FileStruct (https://github.com/appcove/FileStruct) is a general purpose file server and file cache for web application servers.
The primary goal is to create a high-performance and sensible local file server for web applications. The secondary goal is to enable FileStruct to be a caching layer between an application and a storage backend (like Amazon S3).
$ mkdir /path/to/database
$ chmod 770 /path/to/database
Note that the database MUST have group write permissions.
The group of /path/to/database
will be used throughout the entire database directory. Any user who wishes to write to the database must be in this group. Permissions are checked on startup, so if the user is not a member of this group, then a ConfigError
will be raised.
$ echo '{"Version":1}' > /path/to/database/FileStruct.json
Why do we require this file? It is a safe-guard against writing into a directory accidentally. If this file does not exist, then the database client will raise a ConfigError
.
If you are running code under apache, it will by default run as the apache
user. You may need to add a group to the apache
user in order to have it access the database. Assuming the database is owned by the fileserver
group, then:
# usermod -a -G fileserver apache
may be used to add apache
to the fileserver
group.
>>> import FileStruct
>>> client = FileStruct.Client('/path/to/database')

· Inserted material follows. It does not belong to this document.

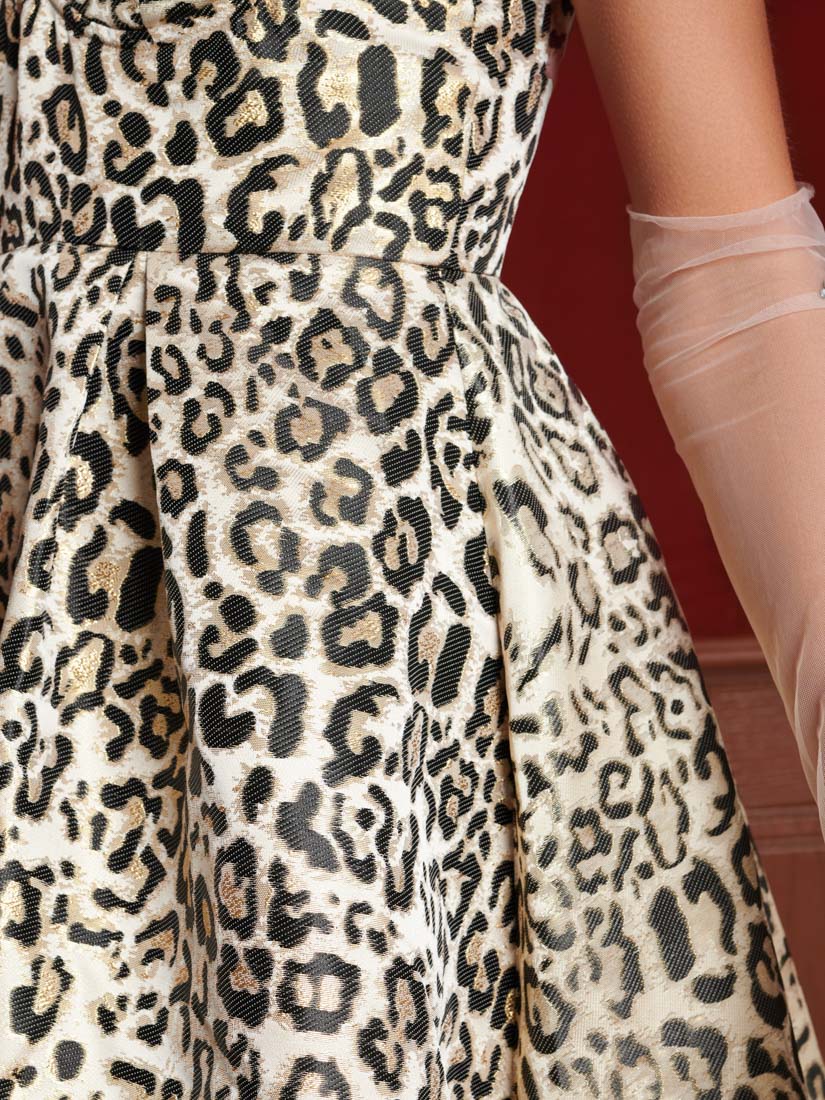 Gilded Leopard Midi Dress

>>> client.PutData(b'test')
'a94a8fe5ccb19ba61c4c0873d391e987982fbbd3'
>>> client['a94a8fe5ccb19ba61c4c0873d391e987982fbbd3'].GetData()
b'test'
Assuming you are user jason
and you created the /path/to/database
to have the group fileserver
, then the above will result in:
$ ls -al /path/to/database
drwxrwxr-x. 2 jason fileserver 4096 Feb 22 17:13 Data
drwxrwxr-x. 2 jason fileserver 4096 Feb 22 17:13 Error
-rw-r--r--. 1 fileserver fileserver 88 Feb 22 16:55 FileStruct.json
drwxrwxr-x. 2 jason fileserver 4096 Feb 22 17:13 Temp
drwxrwxr-x. 2 jason fileserver 4096 Feb 22 17:13 Trash
You are now ready to use FileStruct!
Point is to not read the file with application code, but offload the task to http frontend, where it's highly optimized and can be done much more efficiently.
For Nginx http daemon with the aforementioned paths and /FileStruct
internal URI (will result in 404 for client requests) to serve file contents from, following configuration can be used:
location /FileStruct/
{
internal; # MUST be used, otherwise all files are public (but with obfuscated URIs)

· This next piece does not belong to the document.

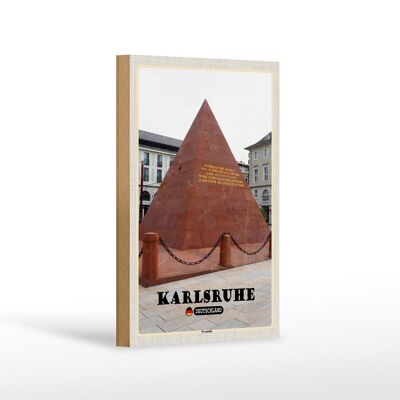 Letrero de madera ciudades arquitectura piramidal de Karlsruhe 12x18 cm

alias /path/to/database/Data/; # Trailing slash is important
}
Then update the application to send X-Accel-Redirect header to http daemon, instead of serving the file contents directly (simple example with bottle framework):
client = FileStruct.Client(
Path = '/path/to/database',
InternalLocation = '/FileStruct', # Specifies configured Nginx URI
)
@route('/:filename')
def download(filename):
file_id = file_ids[filename]
return HTTPResponse(headers={'X-Accel-Redirect': client[file_id].InternalURI})
Note that some daemons (e.g. lighttpd) use X-Sendfile header for such internal redirects instead.
If http frontend has no support for internal redirects at all, client redirects can still be used for efficiency, but they require additional http request round-trip and must not be used for potentially private files, as app will have no control over access to these by InternalURI.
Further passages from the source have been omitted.